At the University of Illinois Urbana-Champaign, experts in animal sciences are launching a novel venture aimed at cutting methane emissions due to rumen fermentation in beef and dairy cattle.
Spanning three years and backed by a $3.2-million budget, this undertaking falls under the umbrella of the Greener Cattle Initiative, which is backed by the Foundation for Food and Agriculture Research (FFAR).
Research data indicates that taking on methane might be a faster route to addressing climate issues than solely focusing on carbon dioxide (CO2). Methane’s heat-trapping ability is 28 times stronger than CO2’s, but it exits the atmosphere in roughly a dozen years, while CO2 can linger for centuries.
“What this means is that anything we do now with ruminant animals can have a huge impact on warming within decades, rather than centuries. Our challenge is to reduce enteric methane emissions by about 30 to 40 percent with the technologies we have,” said project leader Rod Mackie, a professor in the Department of Animal Sciences at U of I.
Connecting six research centers globally, this project zeroes in on enteric methane – a byproduct of microbial fermentation in the rumen. As a part of this strategy, Mackie and his colleagues aim to examine hydrogen’s role during fermentation.

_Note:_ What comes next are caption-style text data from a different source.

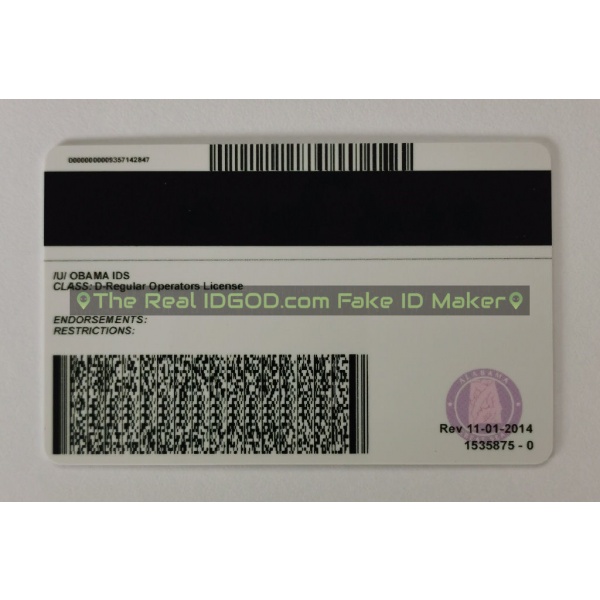 Alabama scannable fake id card backside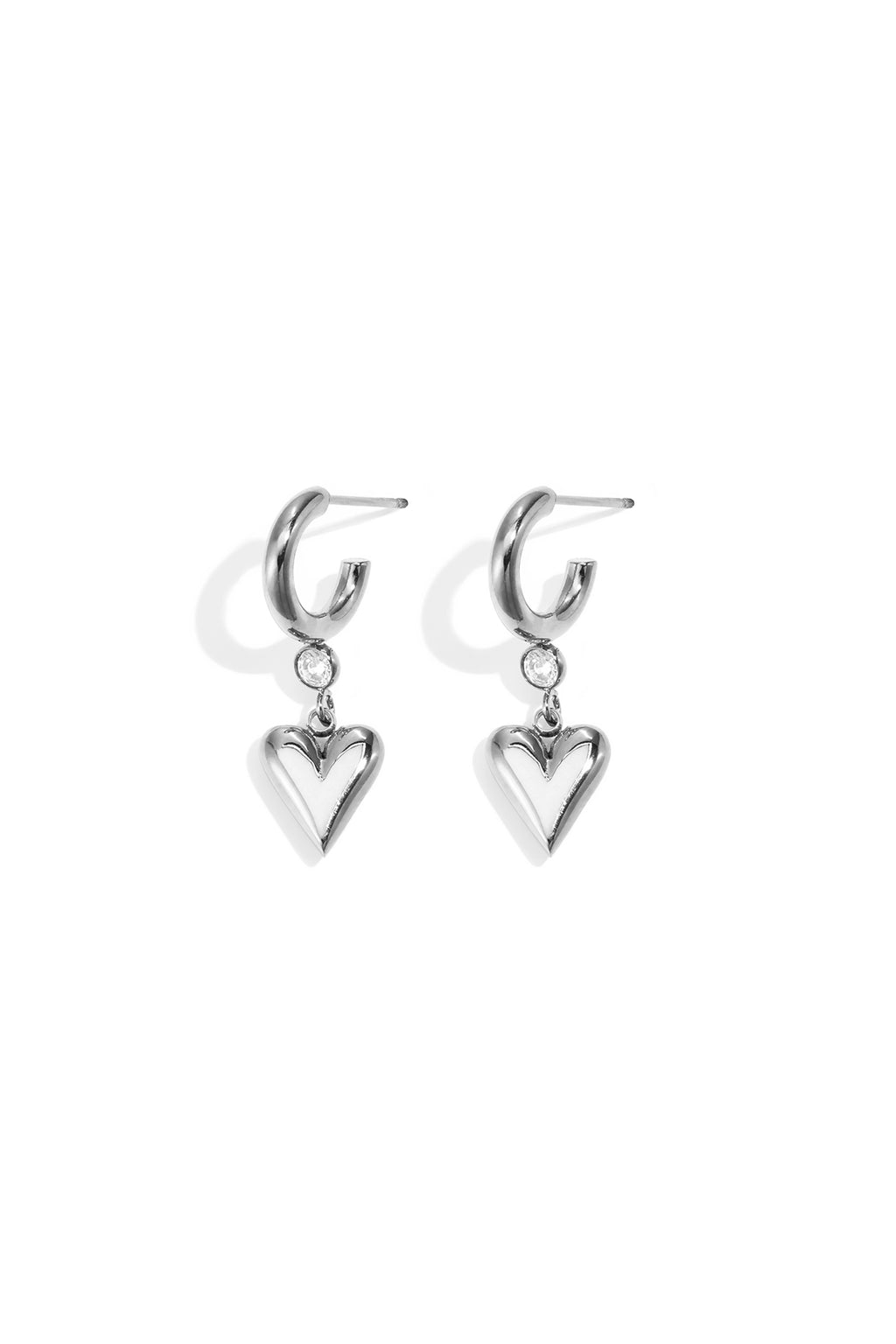 Boucles D'Oreilles Pendantes Cœur & - couleur argent - Bijoumani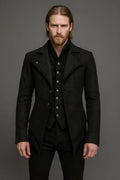 Handmade Men's Black Steampunk Jacket, Gothic Victorian Coat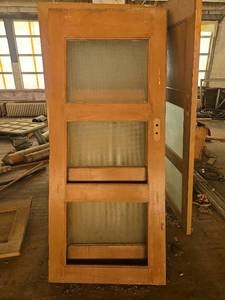 lot 14028 image: Set of THREE 3-Panel Wooden Doors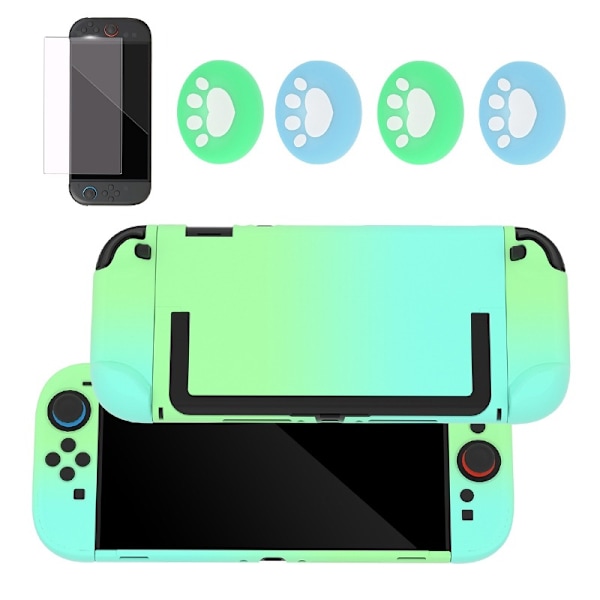 Protective Case Kit Compatible with Nintendo Switch 2 Console - Gradient Green Silicone+PC Shell, Screen Protector & Button Caps
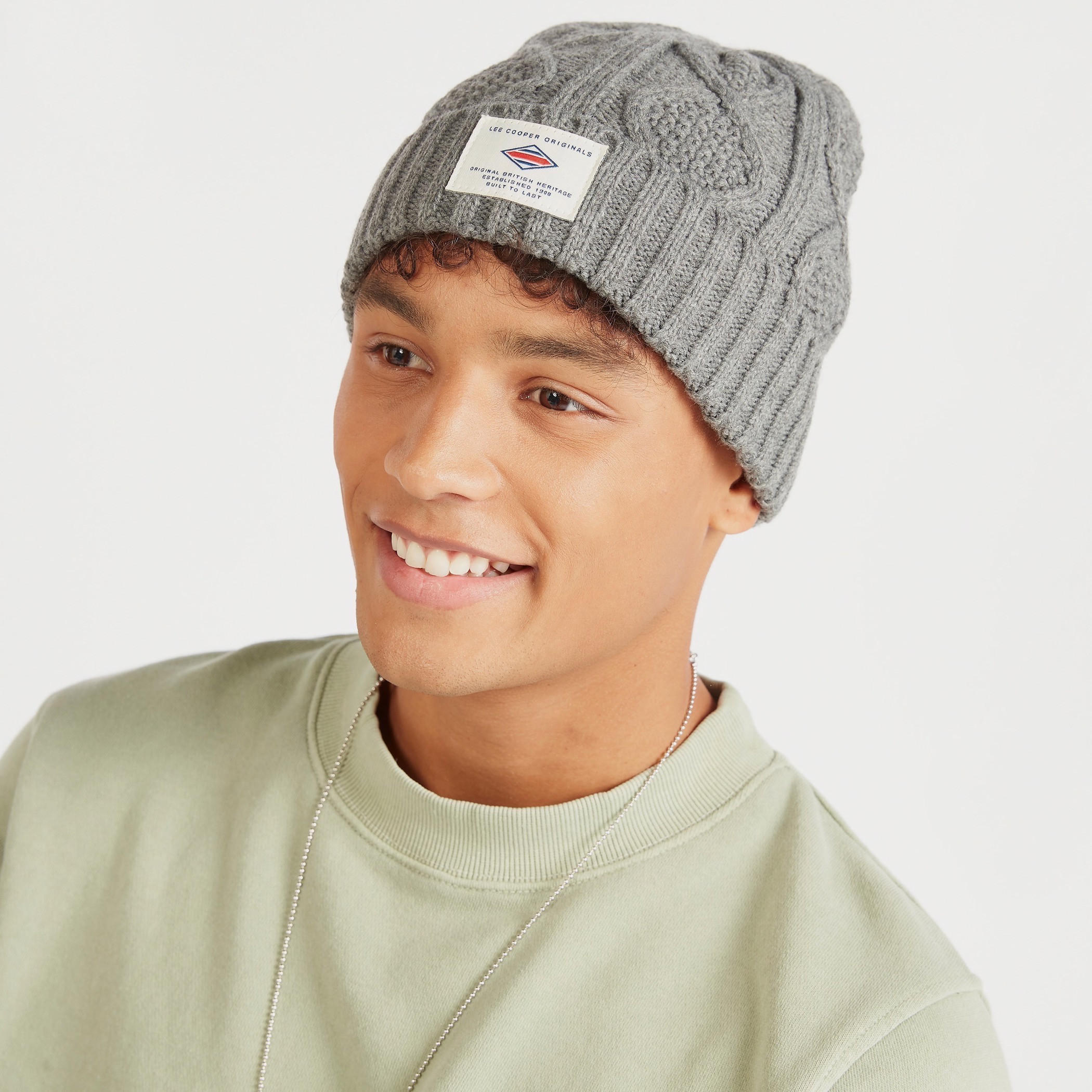 Lee Cooper Textured Beanie Cap with Cuffed Hem-men-caps-image-2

During the fermentation process, the recycling of an energy-rich molecule, NADH, stands out. For the uninterrupted generation of energy, NADH must release its hydrogen and anticipate a replacement from the decomposition of carbohydrates. Generally, NADH’s surplus hydrogen aids in turning CO2 into methane. Yet, the scientists speculate that there are alternatives to use this type of hydrogen.
“In anaerobic fermentation in the rumen, you have to have some way of recycling hydrogen through the conversion of NADH to NAD. In that process, most of the excess hydrogen goes towards methane. If you shut down methane production, hydrogen builds up and inhibits glycolysis,” Mackie explained.
“We don’t want that to happen. Instead, we want to redirect hydrogen into other products, such as propionate and butyrate, reduced fatty acids that serve as the primary energy source for all ruminants.”
“There are a lot of groups working on inhibiting methane directly using dietary additives. Our focus is trying to figure out how we actually make it work in an animal and make it more energetically feasible. That’s really been the missing piece,” added Josh McCann, an assistant professor of Animal Sciences at the same university, who will also be involved in the project.
“If cows can’t metabolize the excess hydrogens for productive benefit and to improve growth, there will continue to be limited adoption of methane reduction strategies or additives. There’s no economic incentive.”
The team’s strategy begins in the lab through a thorough investigation of hydrogen production and its utilization. By examining rumen microbial communities from diverse cattle, the researchers aim to uncover potential tweaks using inhibitor compounds. Their findings will eventually be tested on cattle.
“Most of the grant is focused on the basic and the mechanistic side, but once we make something that might work within a microbial community, it still has to work in an animal,” McCann explained.
“We have complicating factors like diet components and how much they want to eat. Not to mention dairy cattle and beef cattle are eating different things, so the bugs in the rumen function differently. So, if we apply a methane inhibitor to a dairy microbial community, we might have to approach the hydrogen capture a little bit differently than in a beef rumen community.”
Mackie envisions this initiative as the starting point of a long-term quest to tackle enteric methane. By the conclusion of the three-year project, the experts aim to pinpoint precise inhibitor dosages that either maintain or even bolster production capacities.
“What we’d like is to have ruminants save the planet within 10 years. That would be amazing,” Mackie concluded.